El primer nacido en la Antártida fue de Argentina
Se trata de Emilio Marcos Palma, quien nació el 7 de enero de 1978 en la Base Esperanza, una estación científica argentina ubicada en la Antártida. Su nacimiento no fue casual, sino parte de una estrategia del Estado de Argentina en el marco de su presencia sostenida en el continente.
La Base Esperanza, a diferencia de otras instalaciones, contaba con infraestructura suficiente para albergar familias, lo que permitió que mujeres embarazadas fueran trasladadas allí con el objetivo de dar a luz en territorio antártico. La última persona en este continente nació en 1985, según National Geographic.
Por orden de la Junta Militar
En 1976, la junta militar liderada por el general Jorge Rafael Videla pensó que era buen momento para elevar el honor de Argentina y dar un golpe en la mesa a nivel internacional. Se focalizó en el reclamo de la soberanía sobre la Antártida. Ante la oposición generalizada, se le ocurrió una idea un tanto extraña. A finales de 1977, el gobierno argentino llevó en avión hasta la Base Antártica Esperanza a Silvia Morello de Palma. Una mujer hasta entonces anónima que se encontraba en el último mes de embarazo.

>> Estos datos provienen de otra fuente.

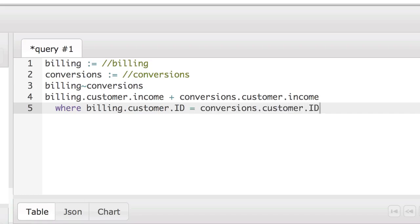This essentially relates billing and conversions through their customer.id field, although any other relation is possible, even fuzzy ones.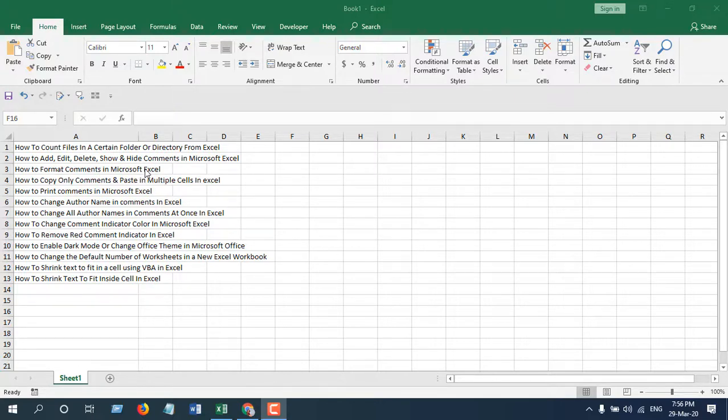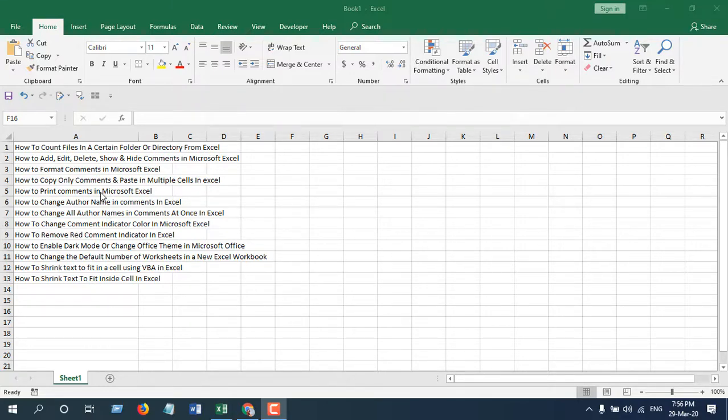In the previous video we have done something similar but used VBA coding. In this tutorial we are not going to use VBA - we are going to use Excel's feature.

Chile no se quiso quedar atrás, así que Augusto Pinochet repitió la jugada de su homólogo argentino. En total, 10 bebés más nacieron en la Antártida antes de que ambos países se dieran cuenta de que esta práctica no iba a ningún sitio.

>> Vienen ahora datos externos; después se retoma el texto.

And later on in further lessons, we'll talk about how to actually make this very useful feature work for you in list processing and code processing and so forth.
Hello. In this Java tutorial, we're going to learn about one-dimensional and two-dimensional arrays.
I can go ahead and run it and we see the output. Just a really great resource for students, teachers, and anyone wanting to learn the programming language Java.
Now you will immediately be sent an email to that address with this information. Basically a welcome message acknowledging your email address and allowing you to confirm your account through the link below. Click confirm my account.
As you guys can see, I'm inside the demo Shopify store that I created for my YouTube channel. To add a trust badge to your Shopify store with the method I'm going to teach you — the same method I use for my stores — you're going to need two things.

Emilio Palma no solo fue el primer ser humano nacido en la Antártida, sino también el más austral registrado hasta hoy. La importancia de este nacimiento trasciende lo anecdótico. Se vincula con las dinámicas de soberanía en la región, donde distintos países mantienen presencia científica bajo el marco del Tratado Antártico, que regula las actividades en el continente.
Si bien el tratado suspende los reclamos territoriales, la instalación de bases y la permanencia humana han sido históricamente formas de reafirmar intereses nacionales. El caso de Emilio Palma pone en evidencia la capacidad de adaptación humana a condiciones extremas, incluso en contextos donde la vida cotidiana depende completamente de sistemas artificiales de soporte.